Sonne Mond und Sterne … 8年目のありがとう ― 2021年02月06日 14時39分06秒
こういう見る人の少ないブログでも、長く続けることには少なからず意味があります。
長く続ければそれ自体が歴史となり、そしていったん歴史となれば、そこに不思議な偶然や嬉しい偶然が折々生じて、私の生活(大げさに言えば人生)を彩ってくれるからです。
先日、時計モチーフの蔵書票の話題の中で、関連する過去記事を見返していました。
それは関根寿雄氏の版画集『星宿海』を採り上げた記事ですが、思えば今からもう8年も前になるのですね(LINK)。
その記事へのコメント欄の中で、ハンドルネーム ao さんから頂いたコメントを再読し、「そうだ!この本に言及するのを忘れていた!」と思い出した本があります。それは星空を抒情的に描いた作品として、決して落とすことのできない絵本で、aoさんに教えていただき、当時さっそく入手したのでした。

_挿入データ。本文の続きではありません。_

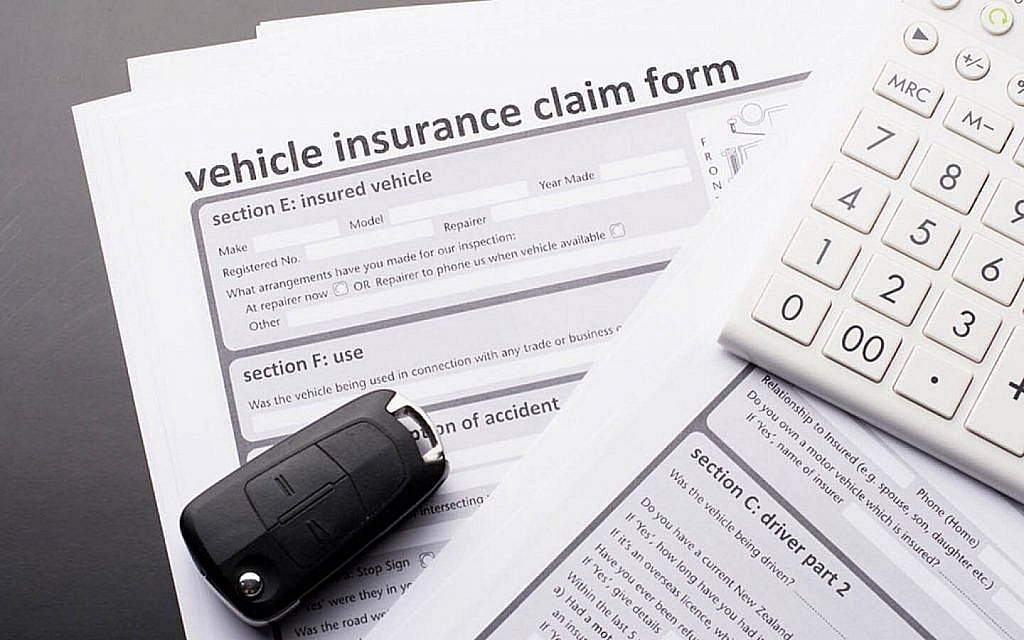  Vehicle insurance claim form with a car key and a car key on top.
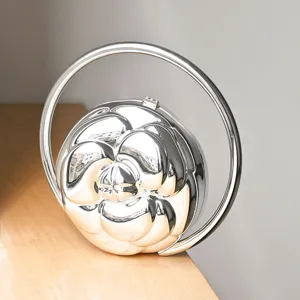 Silver metallic camellia flower embossed rigid evening clutch featuring a large round handle.
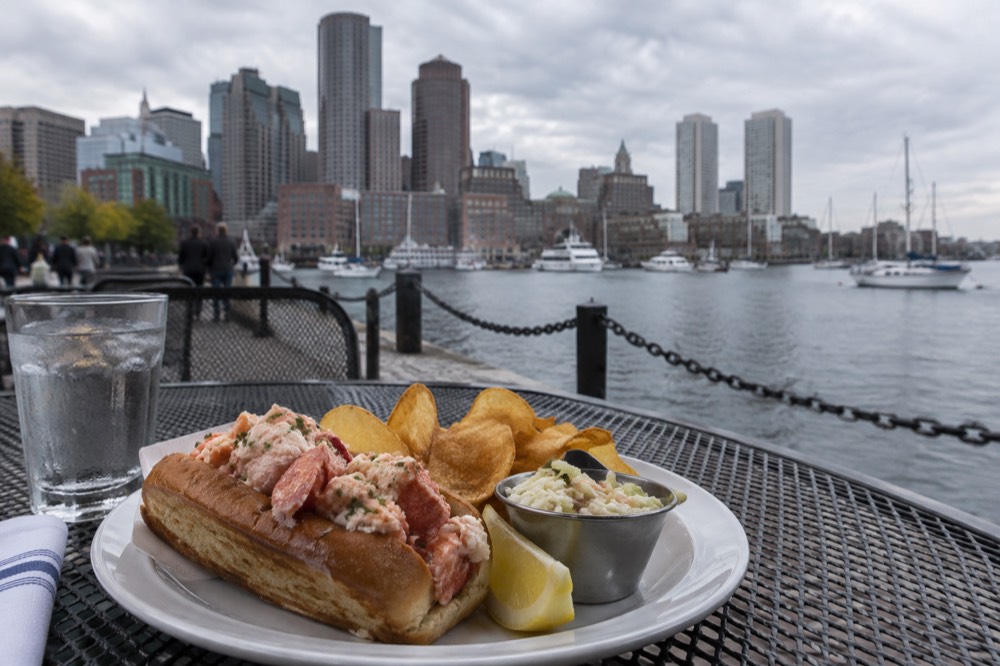 A patio table with a lobster roll plate beside a harbor view in afternoon light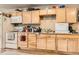 Traditional kitchen boasts light wood cabinets, essential appliances, and a practical layout for cooking and meal preparation at 4 Virginia St, Idaho Springs, CO 80452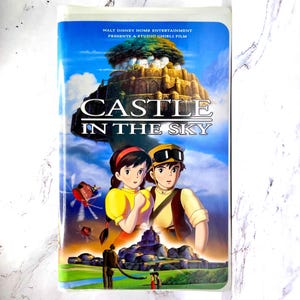 May include: A VHS video tape for the animated film "Castle in the Sky." The cover shows an illustration of two characters, a floating castle, and the film's title. The tape is in a plastic case.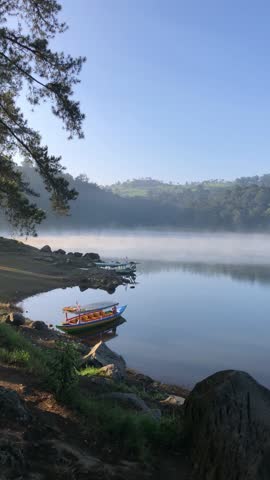 A peaceful vertical shot of a calm lake in the early morning. The scene features thick white mist rising from the water, with colorful wooden boats docked along the rocky shore. A pine tree branch frames the view, with lush green hills in the distance under a clear blue sky.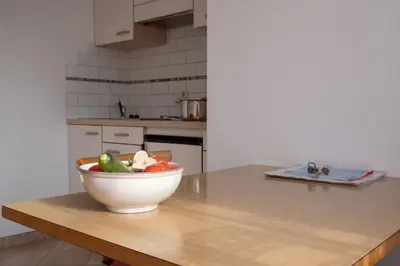 a bowl of vegetables sitting on a table in a kitchen at Fewo Zweiraum im Haus Götsch 1 in Parcines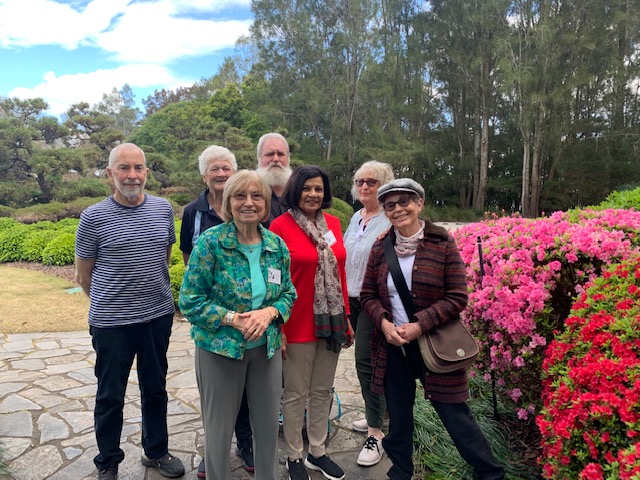 Photo of group members with azaleas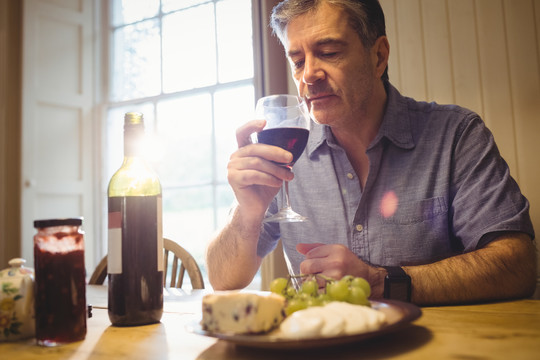 成熟的男人坐在桌旁品尝红酒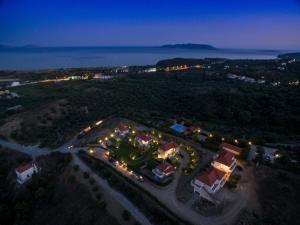 an aerial view of a resort at night at Kotroni Villas in Finikounta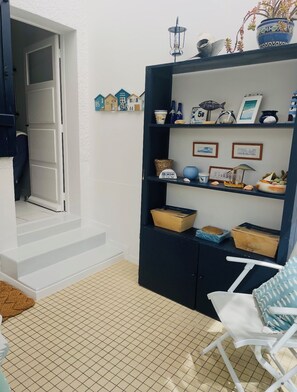 A room with a white door, a dark blue bookshelf, and a tiled floor.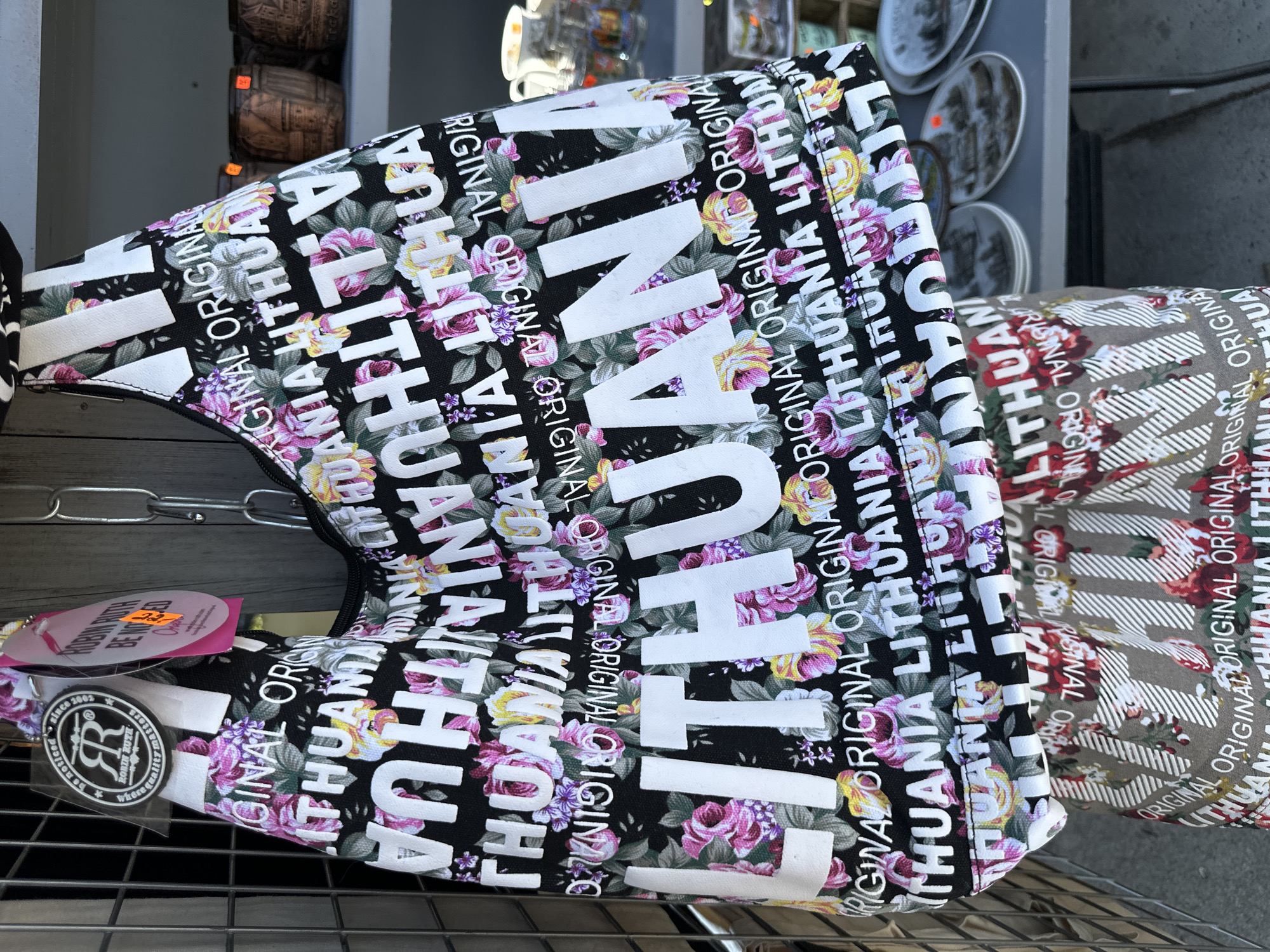 A close-up, eye-level, outdoor, medium shot captures a black fabric tote bag adorned with a floral pattern and repeated white text reading "LITHUANIA" in large block letters and "ORIGINAL" in smaller script. The bag is hanging by a silver chain, partially obscuring a wooden plank background and a wire fence to the left. A pink tag with yellow price stickers and a circular tag with "Robin Ruth" and an "RR" logo are attached to the bag's strap. In the blurred background, shelves display what appear to be ceramic mugs and plates. The scene is likely an outdoor market or souvenir shop in Trakai, Lithuania, given the bag's prominent "LITHUANIA" text and the general aesthetic of such locations. The focus is on the bag and its design, with the surrounding environment providing context.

■Lore von Recklinghausen(著)
『Sonne, Mond und Sterne(太陽・月・星)』
Volksverband der Bücherfreunde Wegweiser Verlag (Berlin), 1925.
32p.
『Sonne, Mond und Sterne(太陽・月・星)』
Volksverband der Bücherfreunde Wegweiser Verlag (Berlin), 1925.
32p.
(タイトルページ)
著者のローレ・フォン・レックリングハウゼンは伝未詳ですが、この1925年の『太陽・月・星』をはじめ、1930年代~40年代初めにかけて、数冊の児童書を著わした女性。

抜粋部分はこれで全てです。